■ About this task ■
When you reach the line in the data below that contains "White Spitz fur", please start repeating lines exactly, and stop after the line that contains "Rislvmtare <br> Idaea seriata", repeating nothing else.

■ Records supplied ■
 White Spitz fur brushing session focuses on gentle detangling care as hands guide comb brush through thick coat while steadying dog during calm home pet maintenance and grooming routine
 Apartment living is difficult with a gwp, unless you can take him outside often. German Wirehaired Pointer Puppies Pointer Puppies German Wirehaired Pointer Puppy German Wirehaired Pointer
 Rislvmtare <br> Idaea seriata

* * *

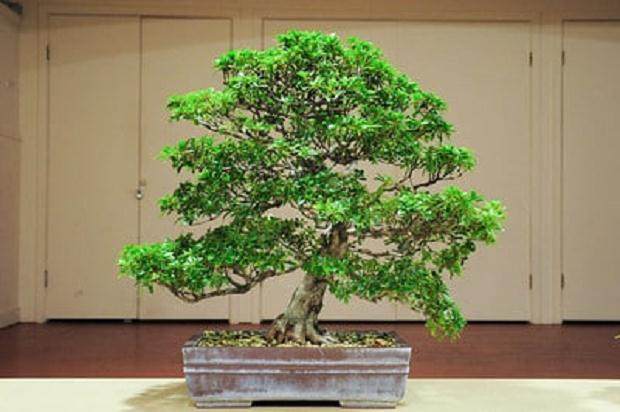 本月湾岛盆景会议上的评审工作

==

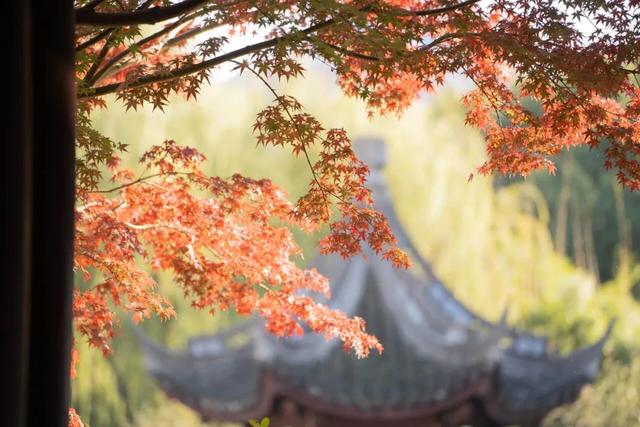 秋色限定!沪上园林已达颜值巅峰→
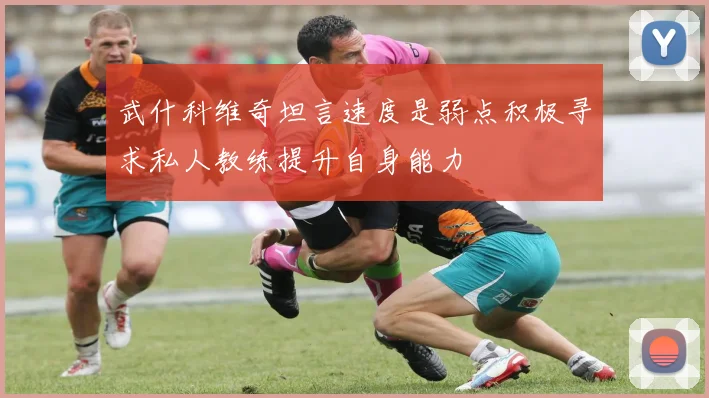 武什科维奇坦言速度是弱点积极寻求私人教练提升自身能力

■ Response ■
 White Spitz fur brushing session focuses on gentle detangling care as hands guide comb brush through thick coat while steadying dog during calm home pet maintenance and grooming routine
 Apartment living is difficult with a gwp, unless you can take him outside often. German Wirehaired Pointer Puppies Pointer Puppies German Wirehaired Pointer Puppy German Wirehaired Pointer
 Rislvmtare <br> Idaea seriata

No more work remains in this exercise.